Dalessandro reminds us that when mainstream fashion is tied to “desirability”, “acceptability” and “palatability”, it never will really be inclusive. While highlighting a lot of the forthcomings, the current plus size fashion industry has given me the hope and faith that with women like Dalessandro leading the conversation and increased accessibility of fashion for fat folks, we have such an amazing journey ahead of us as plus size consumers.
Her framework when describing where plus size fashion is and where it should go, especially when describing her thoughts and feelings surrounding campaigns like ‘drop the plus’, the word ‘flattering’ and other aspects of representation within the fashion and blogger industries is nothing short of refreshing. She comes to the table with an insight of a designer, fat body and someone who doesn’t want to shake the industry because it is a ‘radical’ or ‘cool’ thing to do, but rather examines why it has to happen for fat people.
As a fellow fat women who isn’t hourglass, who isn’t socially acceptably ‘curvy’, who has been laughed out of stores and let down by designers, this women’s talk was a hallelujah chorus to me. It showed me that asking for the bear minimum from plus size stores and designers isn’t where we should give up. Asking these brands, stores and people to truly serve us, the people handing over our hard earned pay, is important.

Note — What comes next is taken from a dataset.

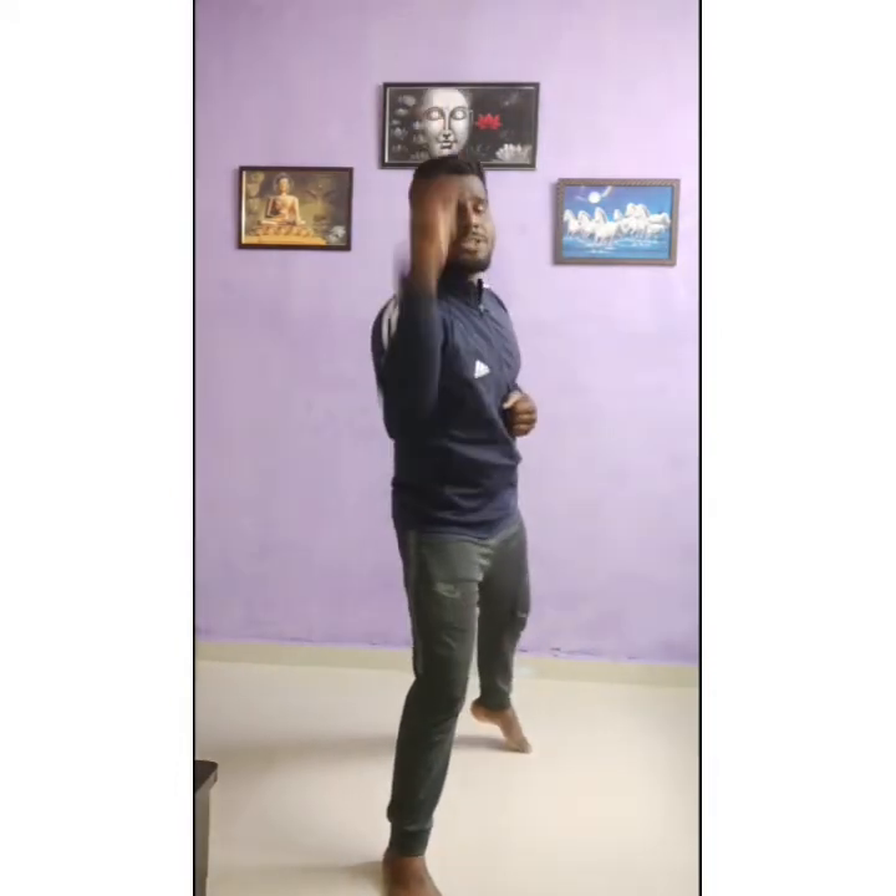So now आप straight करेंगे — दिखाता हूं आपको। आपको fronthand punch करेंगे, दिखाऊंगा आपको। Change है — दूसरे side से भी कर सकते हो। Shower करना important है. One, two, three, four, five, six, seven, eight, nine, ten. Very nice. Now backhand punch — position में रुकना है। One, two, three.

Dalessandro is someone who is re-defining fashion not in terms of a trend or a hot piece of clothing, but reconstructing an idea of what fat people can demand and expect from our retailers and designers moving forward. Undeniably, fashion has been a place of alienation for fat people and our options of clothing have been limited, sparse, expensive and hard to come by. Yet Dalessandro dissection of this industry, where we are heading and what our buying power means drove something home with me.
The Fat Activism Conference being available online, being able to reach fat people all around the world – it means things are shifting. Conversations about fat people, what we wear and how we perceived, are happening. Dalessandro is someone personally invested in the plus size clothing industry, but more than that she is someone who sees the incredible power and ability the industry has to change mainstream views around fat people.
Her talk, like all of the talks within the Fat Activism Conference, was enlightening for many reasons but none more so than the fact that there is a space where diverse, fat people can talk and speak about fat issues from their own personal experiences.
Fat people matter. Fat people’s monies and opinions matter. We can shape where the plus size industry goes and ,unlike the mainstream fashion world, make it an inclusive, body positive and fat positive place.
Dalessandro and The Fat Activism Conference is an inspiring, empowering and important event for fat people and I would recommend it to anyone, because the only way we can become a nicer and more inclusive world is to listen to people different than us. To create spaces where people who have been marginalized or dehumanized can feel heard and ,most all, empowered.